Também é fácil entender por que existem tantas histórias como a de Caio, atacante brasileiro formado nas categorias de base do São Paulo que foi destaque do Al Ain na vitória sobre o River Plate nos pênaltis. O que não faltam são Caios espalhados pelo globo…
O ponto é: continuaremos negando nossa função exportadora, acreditando na existência fictícia de um “futebol local” e tomando tapas da realidade a cada Mundial de Clubes? É possível mudar este cenário? Neste momento, e em curto prazo, não existe qualquer chance, infelizmente.
Em paralelo com essa distopia geográfica, há outro aspecto que merece ser discutido neste assunto: o insosso campeonato de clubes oferecido pela Fifa. Cientes do desinteresse geral pelo torneio, representantes das seis confederações continentais apresentarão ao conselho da entidade máxima do futebol, no dia 15 de março, em Miami, propostas para um novo formato do Mundial de Clubes, mais atraente. Qualquer coisa que surja me parece capaz de conseguir superar o modelo atual. Mas lamentarei se a competição for realizada só a cada quatro anos, como foi sugerido em março deste ano, durante reunião em Bogotá, na Colômbia.

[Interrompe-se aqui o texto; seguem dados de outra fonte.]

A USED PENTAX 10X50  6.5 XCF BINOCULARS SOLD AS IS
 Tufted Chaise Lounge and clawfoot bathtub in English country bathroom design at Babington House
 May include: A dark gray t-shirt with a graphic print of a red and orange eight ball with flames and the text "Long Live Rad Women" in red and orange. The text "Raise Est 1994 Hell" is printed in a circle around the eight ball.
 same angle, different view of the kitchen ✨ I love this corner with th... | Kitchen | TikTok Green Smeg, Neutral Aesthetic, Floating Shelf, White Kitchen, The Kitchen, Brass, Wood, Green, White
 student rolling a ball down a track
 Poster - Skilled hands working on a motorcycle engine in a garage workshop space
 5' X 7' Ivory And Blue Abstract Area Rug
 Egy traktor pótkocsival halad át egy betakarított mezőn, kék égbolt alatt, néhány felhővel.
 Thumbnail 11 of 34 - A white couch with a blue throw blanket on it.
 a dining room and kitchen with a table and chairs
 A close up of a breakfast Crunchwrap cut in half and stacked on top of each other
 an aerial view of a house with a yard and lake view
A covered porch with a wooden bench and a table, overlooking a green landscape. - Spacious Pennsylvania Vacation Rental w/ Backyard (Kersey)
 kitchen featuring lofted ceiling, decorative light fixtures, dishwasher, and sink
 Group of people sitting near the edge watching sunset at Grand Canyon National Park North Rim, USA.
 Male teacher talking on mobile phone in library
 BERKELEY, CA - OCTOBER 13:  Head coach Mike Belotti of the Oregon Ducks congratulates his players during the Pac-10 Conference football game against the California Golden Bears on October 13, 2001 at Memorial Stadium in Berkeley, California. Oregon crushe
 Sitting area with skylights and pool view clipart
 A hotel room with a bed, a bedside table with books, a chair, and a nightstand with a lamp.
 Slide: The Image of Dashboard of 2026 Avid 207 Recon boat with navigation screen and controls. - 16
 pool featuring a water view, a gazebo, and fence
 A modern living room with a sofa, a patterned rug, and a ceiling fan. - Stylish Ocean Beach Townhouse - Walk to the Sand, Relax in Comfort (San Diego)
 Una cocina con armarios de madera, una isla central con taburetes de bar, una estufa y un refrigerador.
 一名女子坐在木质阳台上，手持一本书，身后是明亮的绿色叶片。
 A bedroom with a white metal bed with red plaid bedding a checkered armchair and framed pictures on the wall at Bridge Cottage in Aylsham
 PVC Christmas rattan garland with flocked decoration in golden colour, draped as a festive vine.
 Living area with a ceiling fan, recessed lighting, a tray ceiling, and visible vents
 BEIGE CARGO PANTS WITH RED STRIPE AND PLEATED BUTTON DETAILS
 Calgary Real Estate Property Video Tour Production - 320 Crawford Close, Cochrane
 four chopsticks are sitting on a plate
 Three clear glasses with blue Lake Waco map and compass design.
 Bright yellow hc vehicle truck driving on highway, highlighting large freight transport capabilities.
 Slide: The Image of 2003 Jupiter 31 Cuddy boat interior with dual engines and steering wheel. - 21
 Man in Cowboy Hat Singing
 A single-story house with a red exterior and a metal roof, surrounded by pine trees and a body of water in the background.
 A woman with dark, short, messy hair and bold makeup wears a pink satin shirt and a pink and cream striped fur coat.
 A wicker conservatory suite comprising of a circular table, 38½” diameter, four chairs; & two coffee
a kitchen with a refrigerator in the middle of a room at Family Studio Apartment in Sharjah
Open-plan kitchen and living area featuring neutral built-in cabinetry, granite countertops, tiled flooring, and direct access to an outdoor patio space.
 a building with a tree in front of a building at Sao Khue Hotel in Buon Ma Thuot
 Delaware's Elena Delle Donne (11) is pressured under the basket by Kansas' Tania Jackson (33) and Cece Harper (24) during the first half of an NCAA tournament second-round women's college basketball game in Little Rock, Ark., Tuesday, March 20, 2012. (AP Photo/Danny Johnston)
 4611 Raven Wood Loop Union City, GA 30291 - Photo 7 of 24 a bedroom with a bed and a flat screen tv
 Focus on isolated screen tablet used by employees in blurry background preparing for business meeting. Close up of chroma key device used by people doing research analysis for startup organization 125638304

Fora isso, a proposta é razoável: 24 clubes (país-sede, dois africanos, dois asiáticos, dois centro-americanos, 12 europeus e 4 ou 5 sul-americanos, sendo que a última vaga seria disputada com um representante da Oceania), seis estádios diferentes e 18 dias de bola rolando. Independentemente do formato, uma coisa é certa: a prioridade da Fifa para tomar essa decisão continuará não sendo o futebol, mas sim quantos bilhões lucrará com a nova atração.